Before the 4x400, Mueller virtually came out of nowhere to qualify for state in the 800-meter run with a time of 2:04.90, besting his previous season record by almost 3 seconds. Hillsboro head coach Dennis Boldt said Mueller was seeded seventh or eighth in the event before the race.
With the positive mojo from the 800, Boldt switched Mueller to anchor the 4x400, a move that paid dividends.
It turned out that Mueller was in good shape for a state berth. However, placements in the 4x800 and 4x400 did provide state tickets for Richert and Franz, who both came up just short in individual events.
Richert set a new personal record in the 1,600-meter run, with a time of 4:54.47. However, he finished fifth in the event.
“Josh did everything he had to do, he just lost a tough race,” Boldt said.
Franz placed fifth in the triple jump with a leap of 42-6. He was only two inches away from qualifying.
Two Trojan female distance runners also turned in state qualifying performances. The word to describe them was dominant.

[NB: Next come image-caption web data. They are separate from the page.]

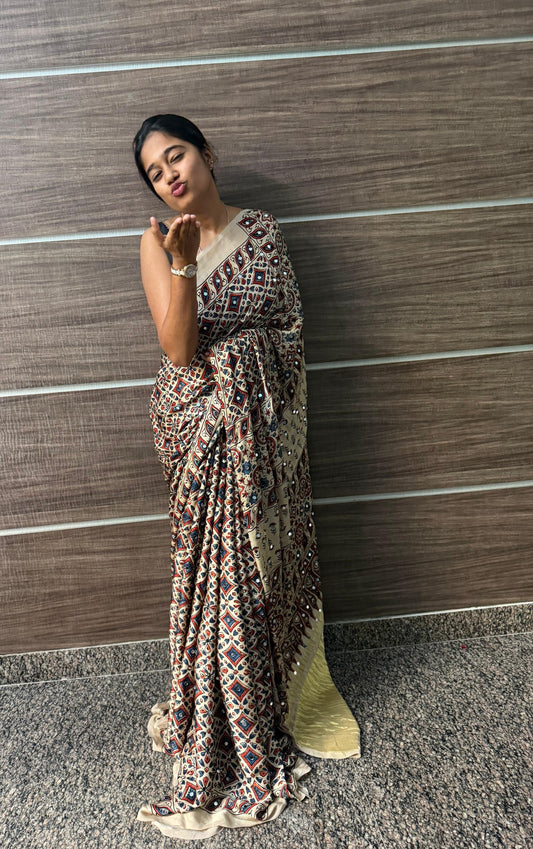Ajrak Mirror Work Saree – Beige
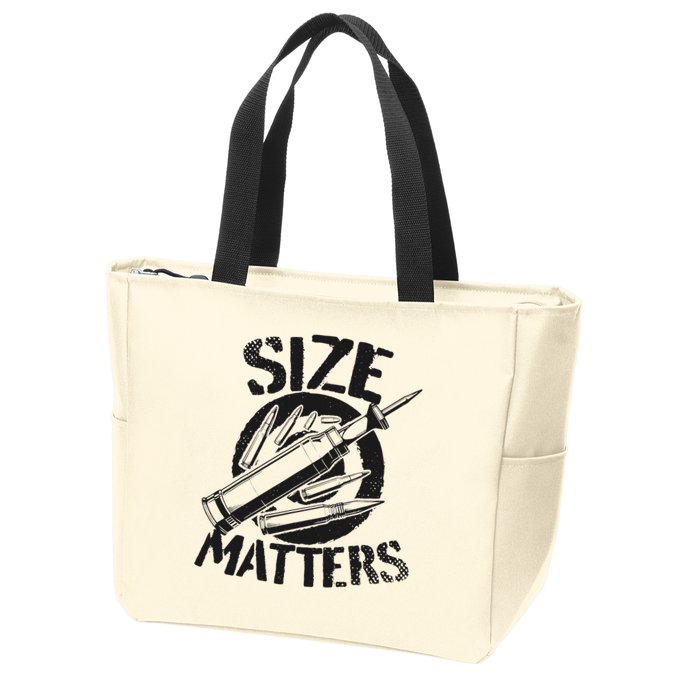 Size Matters funny military joke tanker army ammunition Zip Tote Bag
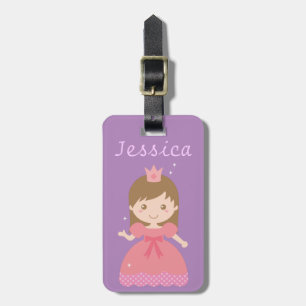 Cute Princess, Pink for Little Girls Luggage Tag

Senior Callie Serene won the 800-meter run with a time of 2:28.27, more than two seconds faster than Cassie Hollenback of Douglass.

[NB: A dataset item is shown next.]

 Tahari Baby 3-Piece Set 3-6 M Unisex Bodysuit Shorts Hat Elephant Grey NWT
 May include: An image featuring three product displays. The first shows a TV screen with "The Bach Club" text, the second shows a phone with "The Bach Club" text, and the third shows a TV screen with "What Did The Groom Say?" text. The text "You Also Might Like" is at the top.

Serene has been rounding into form the past several weeks. It helped at regionals that she could focus on the 800 and not have to worry about the relays.
Relay teammate freshman Emily Sechrist won the 3,200-meter run with a time of 11:58.42. She topped the next closest runner by 20 seconds.
Sechrist placed second in the 1,600, with a time of 5:27.85. She lost to Savannah Wright of Douglass by less than seven-tenths of a second.
Boldt attributed Sechrist’s success to her work ethic and coachability. After a state championship cross-country season, she swam in the winter to prepare for track. He said he sees the freshman runner improve on a weekly basis.
Both Serene and Sechrist will attempt to top the same competitor in the their state events. Heather Ruder of Hays-Thomas Moore Prep won the 800, 1,600, and 3,200 last year at state. She has the best times in all those events this season.
High jump and pole vault
Junior Tyler Proffitt qualified in the pole vault, placing fourth with a jump of 12-6.
Boldt praised Proffitt for staying within himself. Proffitt had reached the personal best mark of 12-6 last week and instead of trying to shoot for a higher mark, he perfected his technique at 12-6 to clear the bar in fewer jumps.
“Here’s a kid who dedicated himself to working on technique,” Boldt said of Proffitt. “He jumped what he could jump on this day.”
Before the event, Proffitt had sized himself up against the competition, knowing that a mark of 12-6 would be necessary for state contention.
Sophomore Jesse Brown qualified for state with a jump of 5-10 in the high jump, good enough for fourth in the event, although the third-place jumper, Nick Mannebach of Garden Plain, and second-place jumper Tom Mailloux of Hutchinson Trinity Catholic also only cleared 5-10.
Having cleared 6-2 earlier this season, Brown was disappointed in the jump, but said he was affected by the high winds at Warrior stadium.